Picks and Pans Review: Spotlight On...
updated 12/04/1995 AT 01:00 AM EST
•originally published 12/04/1995 AT 01:00 AM EST
STARS AND BARS
"EVERYBODY HAS ALWAYS SAID MY brother Ian would have been a more charismatic rock star than anybody he has ever represented," says Stewart Copeland, whose now disbanded group the Police benefited from Ian's guidance. "But instead of shouting to a sea of faces, he'd much rather sit at the dinner table and regale everybody personally."
For those of us who have never been invited to the legendary booking agent's Spanish-style Hollywood Hills home, here's the next best thing: his new memoir, Wild Thing (Simon & Schuster, $23). Readers might be tempted to rely on the index to scarf up juicy tidbits about such celebrity Copeland clients as Sting and the Allman Brothers, or former girlfriends, including Courteney Cox Arquette and Marianne Faith-full.

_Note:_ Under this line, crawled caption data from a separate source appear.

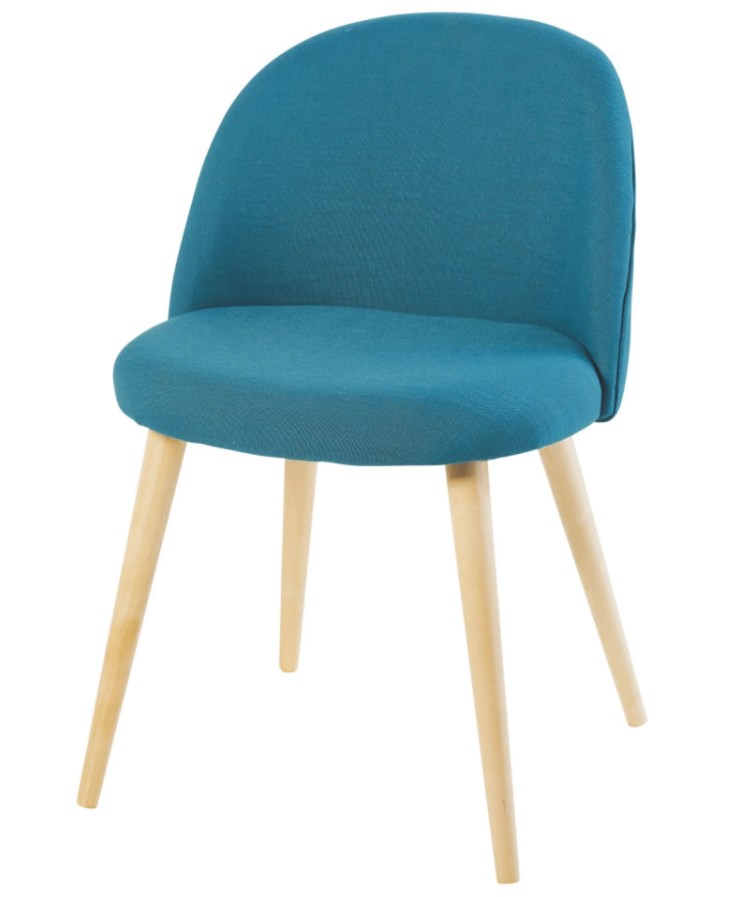Chaise vintage gris clair chiné et bouleau
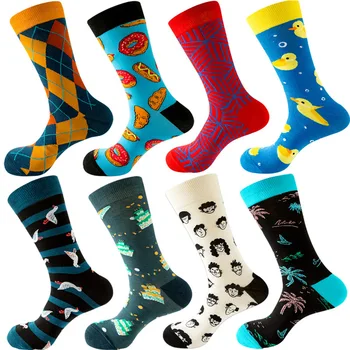 2022 Есента и зимата с Нови Геометрични Мъжки Чорапи Патица Кокосова палма Дамски Чорапи Поничка Прилив на Чорапи Торта Подарък Чорапи на Райета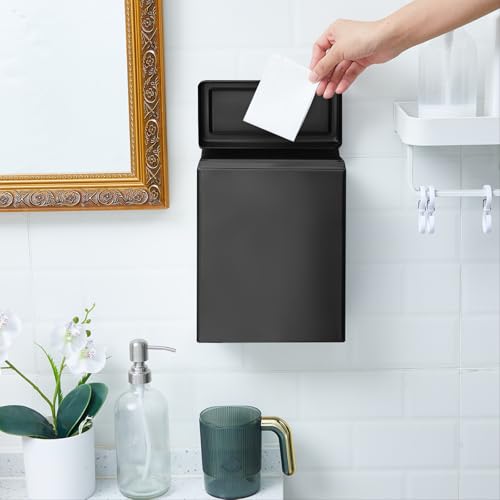 Tioncy 2 Pcs Sanitary Napkin Receptacle Wall Mounted,Black - color: black
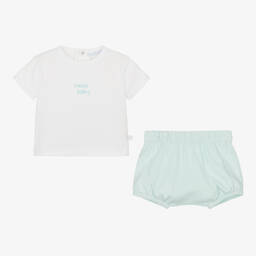 Laranjinha-Mint Green & White Cotton Baby Shorts Set | Childrensalon Outlet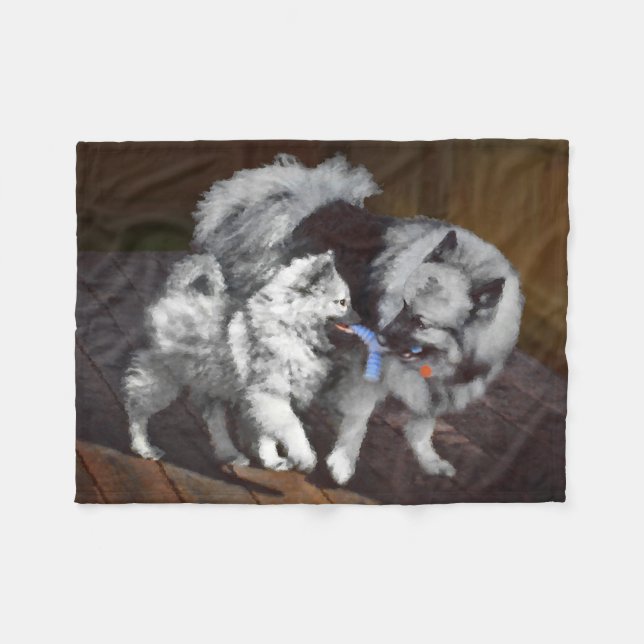 Manta Polar Pintado Keeshond Playtime - Arte Perro Original. (Frente (Horizontal))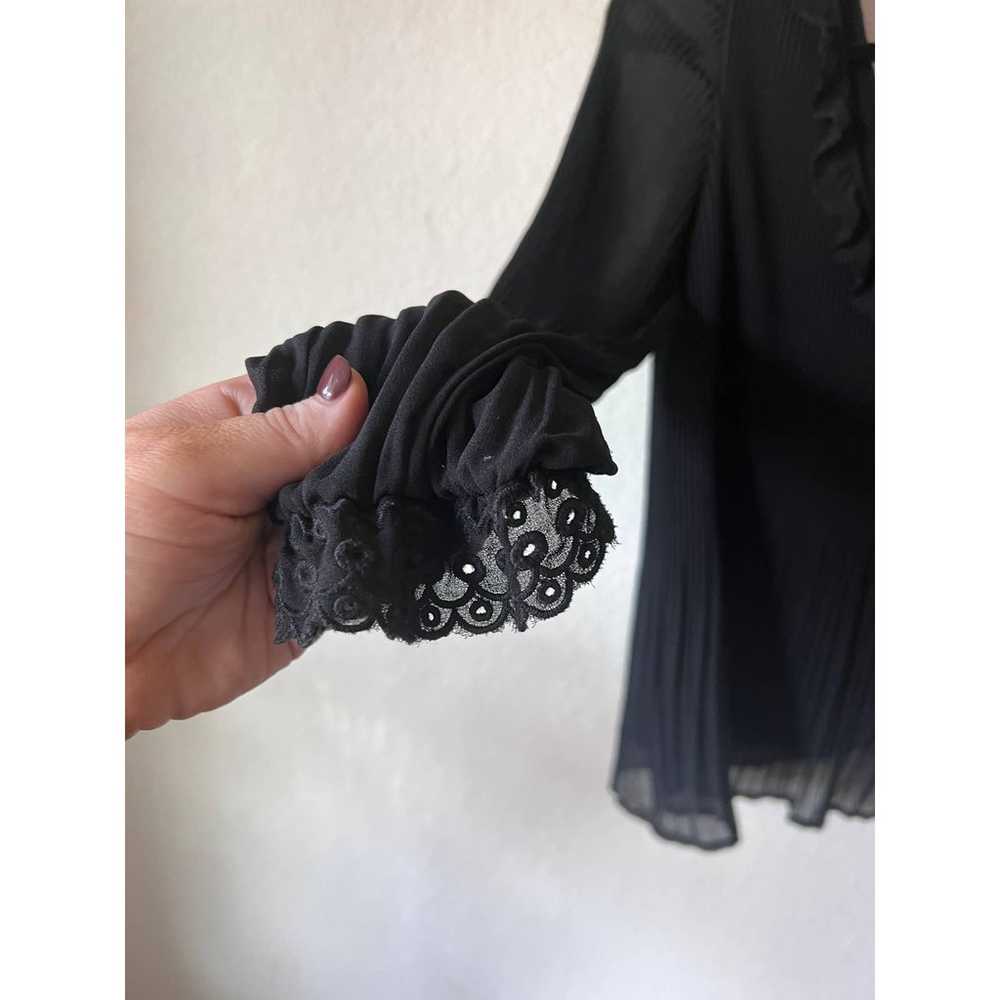 Sezane Sybille Pleated Ruffle Black Blouse - image 6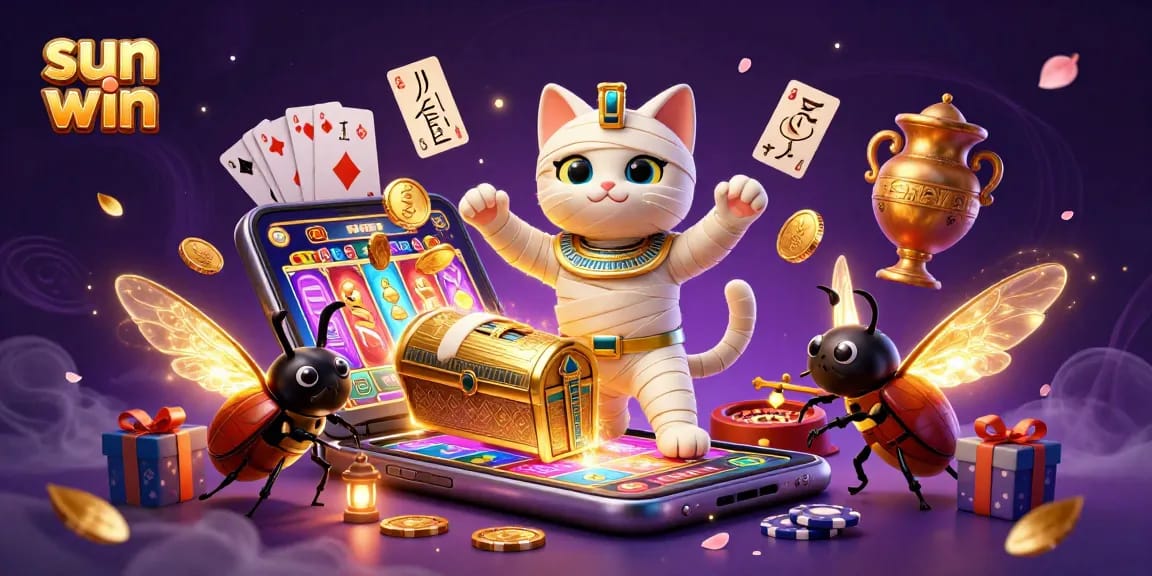 Experience the magic at sun win with the mummy cat and vibrant casino elements.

But then they'd be missing some of the most intriguing chapters of this story, beginning with Copeland's boyhood in Beirut as the motorcycle-riding, car-stealing black-sheep son of a CIA agent dad and a British archeologist mom.
Sixteen years after forming his maverick Frontier Booking International ("If you say the FBI's on the phone, people are going to take that call," he observes), Copeland, 46, who helped build early-career buzz for R.E.M., Squeeze and Nine Inch Nails, remains as enthusiastic as ever. Despite all the club-hopping and travel, the divorced father of two finds time to tend his hillside garden and host jams with friends—although "it may not make me popular with the neighbors."
Come Christmas, the neighbors can anticipate a reprieve: Copeland and his cat Yassir will be moving to New York City. "I like bumping into people, bumping into opportunities," he says. "In Hollywood you see people, but you don't have any contact with them because they're in passing cars. In New York everyone's in your face. I kinda like that."